O
controle biológico no Brasil
O
controle biológico clássico no Brasil iniciou
em 1921, com a importação de Prospaltella berlesi
(Aphelinidae) dos Estados Unidos para o controle de Pseudaulacaspis
pentagona no pessegueiro. Em 1929, foi introduzido da Uganda
o parasitóide Prorops nasuta para controlar a
broca do café (Hypothenemus hampei), dentro de um programa
que continuou por vários anos, com a criação
e distribuição deste parasitóide
(denominada de vespa da Uganda), por mais de duas mil propriedades
até 1939.
Após
esta data outros inimigos naturais foram introduzidos para o controle desta
broca, como o braconideo Heterospilus coffeicola (Gonçalves, 1990)
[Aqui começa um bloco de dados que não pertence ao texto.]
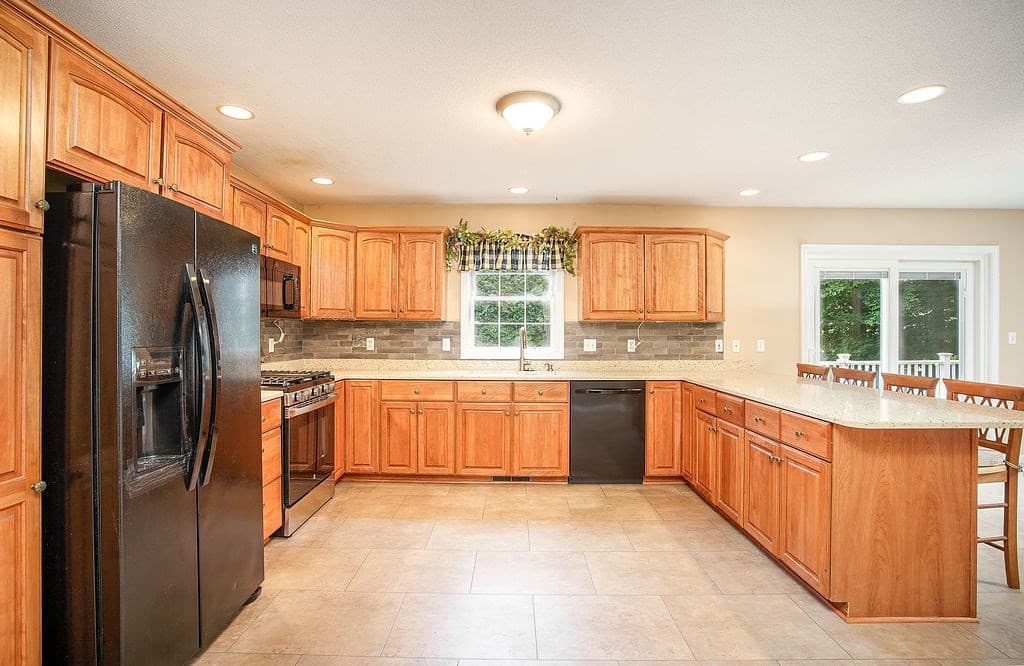 Single Family Residence at 58 San Souci Drive, South Hadley MA 01075, photo 11 of 41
e vários outros para o controle de diversas pragas nas culturas
da macieira, café, cana de açúcar, citrus, cacau e
outras. (Berti Filho, 1990). Os sucessos alcançados nos primeiros
programas incentivaram vários pesquisadores e instituições
a investirem no controle biológico sendo publicados mais de 1400
trabalhos nas últimas duas décadas na área de entomopatógenos
(Alves, 1998), com ênfase aos bioinseticidas virais e bacterianos.
Na
área florestal vários projetos com ênfase no controle
biológico podem ser referenciados, tais como:
1.
O uso de Trichogramma sp. (Hymenoptera Trichogrammtidae) no controle de
lagartas desfolhadoras de Eucalyptus spp., coordenado pela Universidade
Federal de Minas Gerais -UFMG (Berti Filho, 1990) que em 1982 liberou 168.000
indivíduos de Trichogramma soaresi na tentativa de controlar
um foco de Blera varana Schaus em Eucalyptus cloeziana F. Muell. em Minas
Gerais (Zanúncio, et al. 1993).
2.
Programa de controle de lagartas desfolhadoras do eucalipto com uso
de predadores, como Podisus nigrolimbatus Spínola (Hemiptera:
Pentatomidae)
e P. connexivus Bergroth, coordenado pela Universidade Federal de Viçosa
-UFV, em convênio com diversas empresas florestais em Minas Gerais,
Bahia, São Paulo e Espirito Santo. (Zanúncio, et al. 1993).
3.
O controle da vespa da Madeira Sirex noctilio Fabricius com a introdução
do nematóide Deladenus siricidicola Bedding seu principal inimigo
natural e posteriormente os parasitóides Megarhyssa nortoni (Cresson)
e Rhyssa persuasoria (L.). O parasitóide Ibalia leucospoides Hochenwald
foi introduzido naturalmente junto com a praga (Iede & Penteado, 2000).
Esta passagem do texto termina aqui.